MirrorWorld

The old man twists his lips back and forth, which I now know means he’s thinking. “I believe we’ve answered enough questions for now.” He stands over me, breathing.

“You sound like Darth Vader,” I point out.

He grins. “Most overweight men do.” The operating table groans when Lyons leans over and uses it to support his weary-limbed girth. “Now then, tell me what you saw.”

While I haven’t been told everything, Lyons has been forthcoming. I decide to keep the exchange of information going. “I can see them in several different ways. First, in our world, or dimension, or frequency. Whatever you want to call it. Then there is the world between. It looks similar to the real world, but is intercut by glowing green veins, which also cover the Dread. I think it’s blood, like an external vascular system. The sky is purple. There are also black trees, some intermingling with the trees from our world. Basically, all the really solid, immovable stuff from both sides is there.”

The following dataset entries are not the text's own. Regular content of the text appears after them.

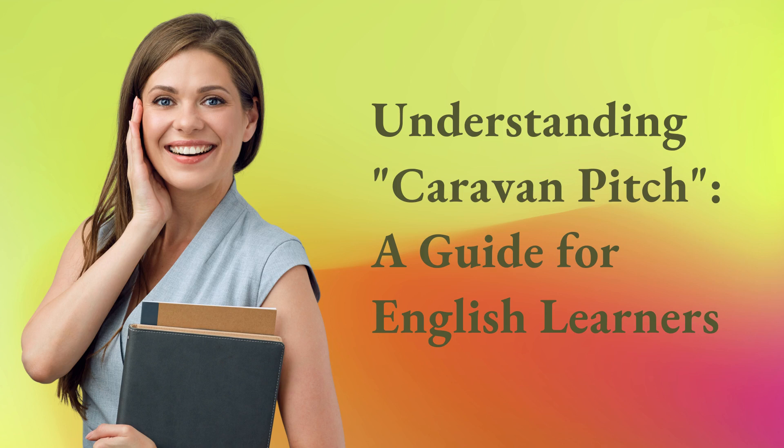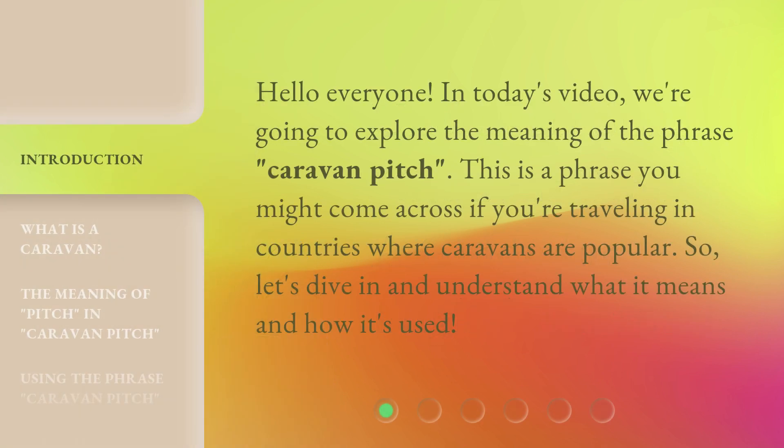Understanding caravan pitch: a guide for English learners. Hello everyone, in today's video we're going to explore the meaning of the phrase 'caravan pitch'. This is a phrase you might come across if you're traveling in countries where caravans are popular. So let's dive in and understand what it means and how it's used.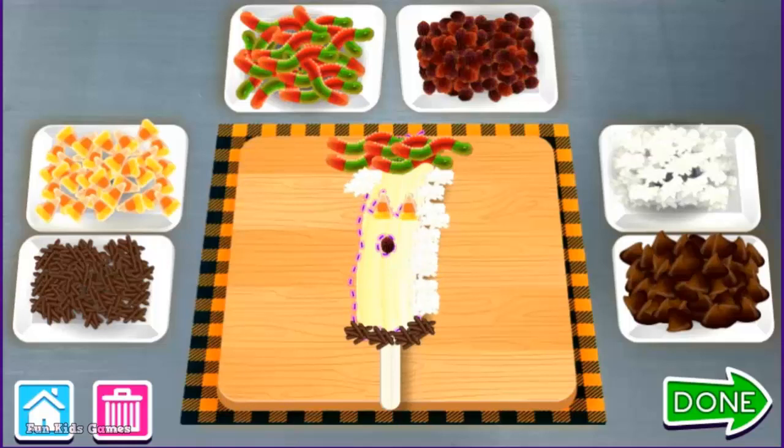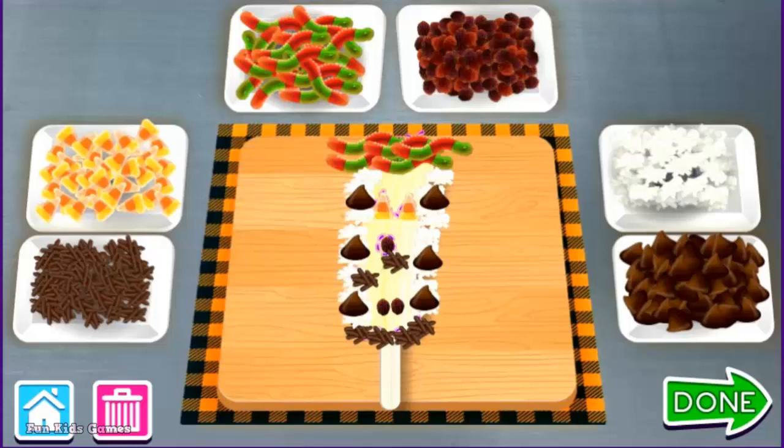Yummy! That's looking amazing! Chocolate Chips. Raisins. Chocolate Sprinkles. A perfect puppy for trick-or-treating. Done.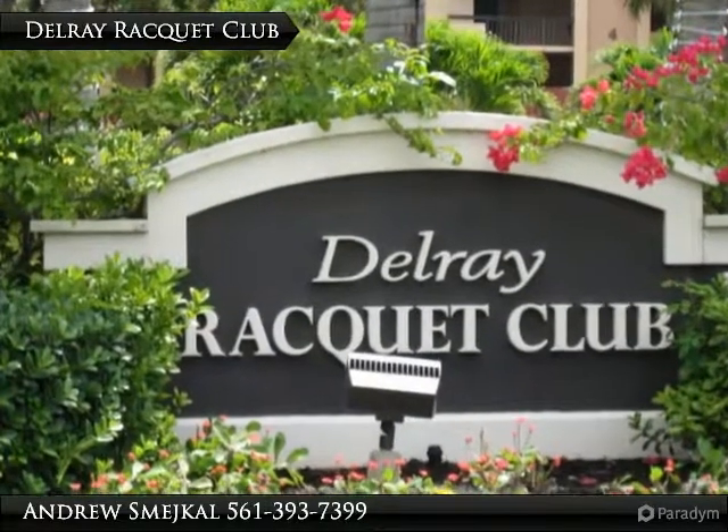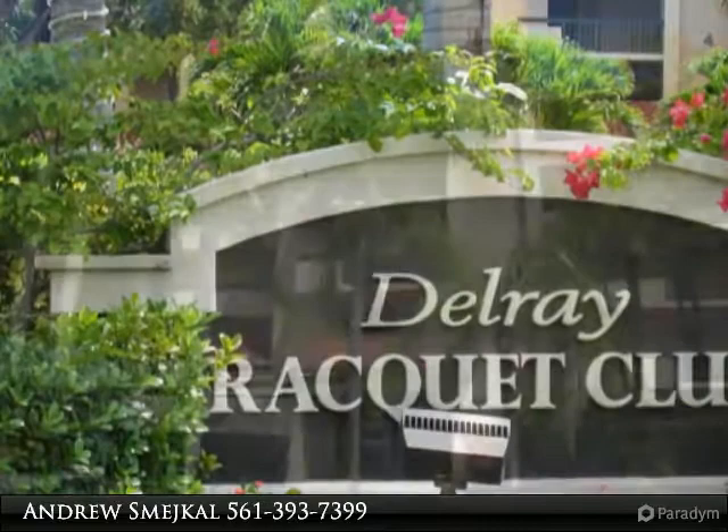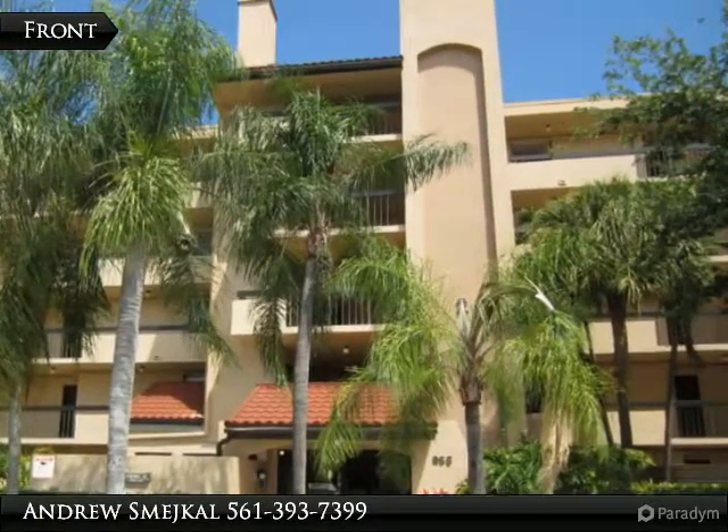This one-bedroom and one-bath condo is available as a short-term, off-seasonal, or seasonal rental. Located in beautiful Delray Beach, the condo is just minutes away from the ocean, shopping and entertainment.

“It all matches his previous description,” Katzman says.

“Yes, yes,” Lyons says, nodding quickly, moving his hand around in circles, urging me to continue on. “Stationary objects of concrete reality tend to stretch between frequencies further than living, moving matter, overlapping with the next fully realized frequency. We know all this already.”

I pick up the ice packs on my stomach, flipping them over one by one. They’re getting warm.

Lyons loses his patience. Snaps his fingers at me. “The mirror dimension. That’s where you went, isn’t it?”

“I killed it there, yes.”

Lyons steps back a bit, finds a chair, and sits. He doesn’t seem surprised, and I think I know why. Despite his claim that all the specimens were trapped while entering Neuro, some of them came from me. I’ve killed them before. “Good,” he says. “This is good. Give me details.”

“I’ll give you the whole story,” I say, and I break the details down for my entranced audience, telling them about the trail of green blood, the veined trees and earth, and my crash with and travel through the pine tree, and the muddy landing in the Dread’s world, which I describe in detail. I tell them how I killed the bull but leave out the pugs and colony. We’ll get to that soon enough. I finish with an explanation of how my pendant made the leap between worlds with me, confirming that all matter can change frequencies; oscillium just does it more easily.

“Show me,” Lyons says.

“Show you what?”

“Look into the world between.”

“Isn’t this old news?” I ask.

“You were very private about this before,” Lyons says. “Didn’t want Maya to know. Or Simon.”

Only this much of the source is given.